Em dado momento, esse positivismo acabou sendo confrontado por um entendimento oposto, em que ocasionalmente se passou a supor na submissão da ciência à história uma importância desproporcional, grande o suficiente para pôr em xeque as conquistas do campo. O choque entre essas duas perspectivas embasou a escrita da história da ciência a partir dos anos 1930.
Com o livro Um papel para a história: o problema da historicidade da ciência, o filósofo e professor do Departamento de História da Fafich Mauro Lúcio Leitão Condé mapeia esse impasse e alcança o seu meio-termo, na proposta de enfrentar, “de um lado, os perigos do relativismo extremo e, de outro, o do positivismo ingênuo”, como ele escreve na obra.

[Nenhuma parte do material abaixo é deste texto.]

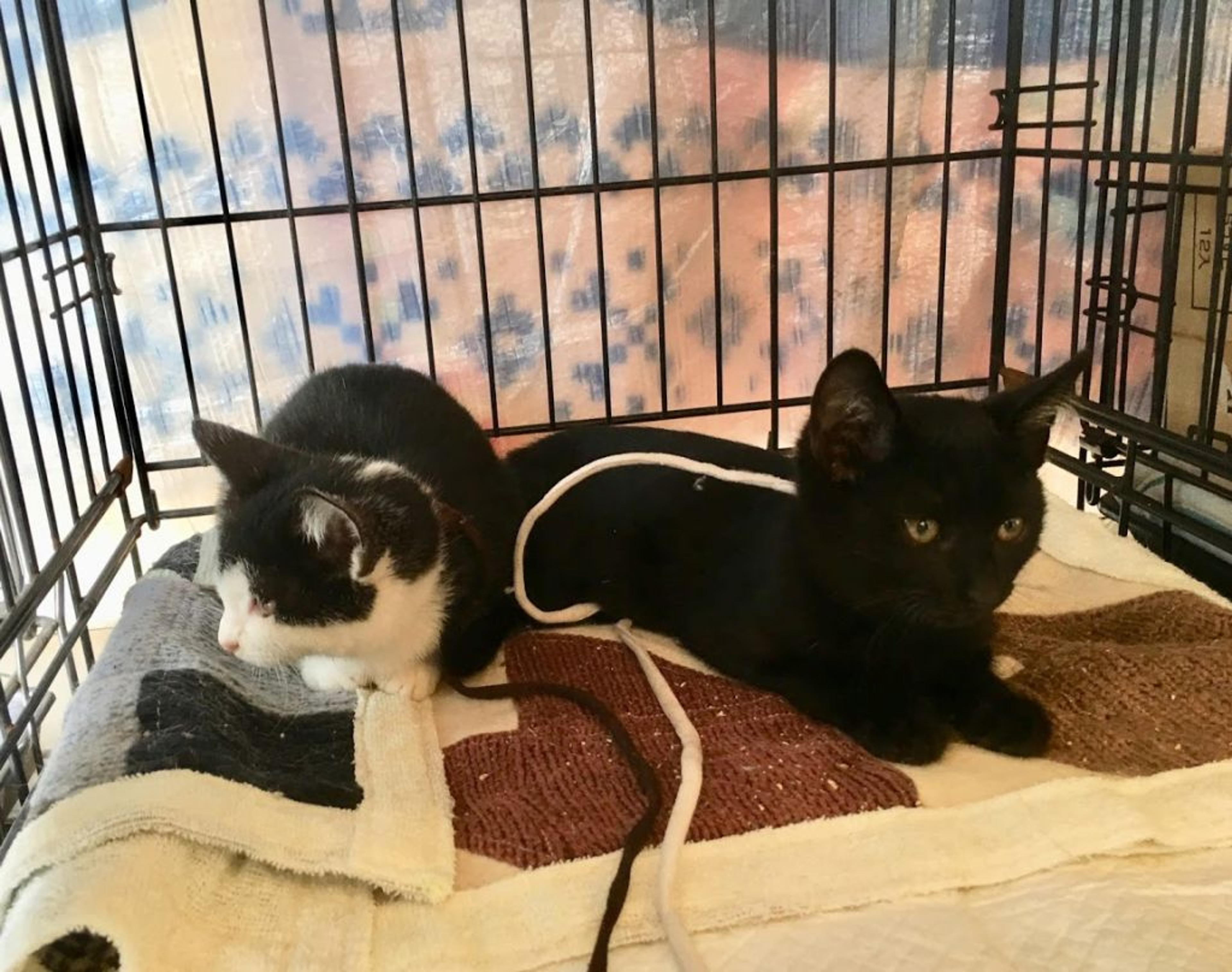 pet-image-5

Organizado em introdução, quatro capítulos e conclusão, o volume será lançado no próximo sábado, 16, às 11h, no restaurante Mineiríssimo, que fica na Avenida Abrahão Caram, 844, perto da portaria 2 da UFMG. No dia do lançamento, o livro será oferecido ao público por R$ 20. O preço de capa é R$ 30.
Nem tão ao céu, nem tão...
No primeiro capítulo do livro, Mauro Condé analisa esse debate que, na história da ciência, ficou conhecido como “internalismo versus externalismo”: de um lado, o filósofo Alexandre Koyré (1892-1964) e a concepção idealista que a ciência encontra seus caminhos independentemente da história a que está submetida; de outro, o filósofo Edgar Zilsel (1891-1944) e a visão de que a ciência depende sobremaneira da organização social e dos fatores sociais, econômicos e tecnológicos dos tempos de sua concepção e aplicação.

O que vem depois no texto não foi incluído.